À des centaines de kilomètres de là,  Claire (jouée avec justesse par la Québécoise Anne Dorval), quinquagénaire et mère de deux enfants, sait que l’état désastreux de son cœur la condamne à court terme. Une seule issue : la greffe. Depuis des mois, elle doit affronter cette éventualité, dompter l’angoisse, guetter le coup de fil, accepter l’incertitude de la dernière chance au bout de la nuit.

Katell Quillévéré présente la dimension métaphysique et sacrée d’un tel don, de ce transport d’un corps à un autre, d’une vie à une autre, dans l’anonymat. Elle montre l’infime précision des gestes au moment crucial et magique de cet acte dramatique, où la moindre anicroche peut tout faire basculer. Virtuose, la réalisatrice l’est. Elle se place toujours à la bonne hauteur pour filmer l’émotion, le vertige symbolique et réel de ce transfert qui exige solidarité et humanité.

IQALUIT

Troisième long métrage de fiction de Benoît Pilon, IQALUIT est avant tout un film d’atmosphère qui fascine grâce à ces paysages à la fois âpres et somptueux. Nous avons l’impression de pénétrer dans un monde inconnu, régi par d’autres codes, soumis à un autre rythme.

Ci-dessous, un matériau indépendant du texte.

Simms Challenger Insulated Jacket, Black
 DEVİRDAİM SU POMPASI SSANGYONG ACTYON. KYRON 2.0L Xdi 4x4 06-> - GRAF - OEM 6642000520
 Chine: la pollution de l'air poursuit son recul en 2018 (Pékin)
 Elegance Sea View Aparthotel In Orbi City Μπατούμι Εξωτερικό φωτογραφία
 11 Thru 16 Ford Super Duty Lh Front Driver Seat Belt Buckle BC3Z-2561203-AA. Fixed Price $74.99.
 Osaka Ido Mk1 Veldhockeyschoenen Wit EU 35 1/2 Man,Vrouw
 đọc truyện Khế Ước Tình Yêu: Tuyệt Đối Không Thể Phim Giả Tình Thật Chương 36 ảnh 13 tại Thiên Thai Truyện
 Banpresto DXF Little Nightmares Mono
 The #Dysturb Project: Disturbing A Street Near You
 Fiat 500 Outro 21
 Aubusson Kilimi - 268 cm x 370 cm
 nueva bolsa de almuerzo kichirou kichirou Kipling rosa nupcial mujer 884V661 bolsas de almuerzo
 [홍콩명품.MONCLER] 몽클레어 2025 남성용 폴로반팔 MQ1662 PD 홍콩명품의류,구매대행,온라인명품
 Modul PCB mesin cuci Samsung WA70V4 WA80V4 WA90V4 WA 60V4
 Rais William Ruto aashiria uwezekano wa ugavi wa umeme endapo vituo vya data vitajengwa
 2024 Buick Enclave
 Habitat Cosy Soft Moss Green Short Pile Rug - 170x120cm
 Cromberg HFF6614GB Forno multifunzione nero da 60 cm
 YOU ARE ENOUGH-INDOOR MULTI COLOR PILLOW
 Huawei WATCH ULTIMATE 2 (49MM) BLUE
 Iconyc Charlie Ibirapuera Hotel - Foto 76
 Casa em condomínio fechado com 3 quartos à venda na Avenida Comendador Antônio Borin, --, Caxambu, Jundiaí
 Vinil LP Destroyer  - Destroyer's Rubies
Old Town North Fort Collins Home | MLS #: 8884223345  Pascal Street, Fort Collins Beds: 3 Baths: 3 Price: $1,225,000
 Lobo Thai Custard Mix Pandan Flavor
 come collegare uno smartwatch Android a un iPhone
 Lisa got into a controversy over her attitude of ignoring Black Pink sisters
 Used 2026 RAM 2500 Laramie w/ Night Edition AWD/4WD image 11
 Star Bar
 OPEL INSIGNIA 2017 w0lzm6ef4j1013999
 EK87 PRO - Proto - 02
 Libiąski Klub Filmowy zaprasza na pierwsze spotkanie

Le film raconte l’histoire de Carmen, une Montréalaise, qui doit partir de façon précipitée pour Iqaluit, au Nunavit, au chevet de son mari Gilles, qui décédera peu de temps après son arrivée. Contremaître de chantier, il avait été gravement blessé dans des circonstances supposément accidentelles.

À sa première visite dans le Grand Nord, elle apprend sur place des secrets – dont la double vie de son époux – qui vont la bouleverser. Dans ce contexte, Noah, un ami de son défunt mari, lui fait découvrir un univers bien loin de ses références, ce qui l’aidera à se reconnaître et à retrouver ses repères. Petit à petit, elle partagera de façon insoupçonnée avec lui sa situation dramatique au milieu des remous de la mer du Labrador.

Familier des terres inuites, Bernard Pilon ravive la beauté des paysages arides encerclant Iqaluit sans jamais les magnifier. Et puis, il y a aussi ce plaisir de retrouver Natar Ungalaq, cet acteur magnifique que Pilon avait révélé aux cinéphiles dans CE QU’IL FAUT POUR VIVRE. Il fait également bon de revoir Marie-Josée Croze – toujours solide – tenir un rôle principal dans un film québécois.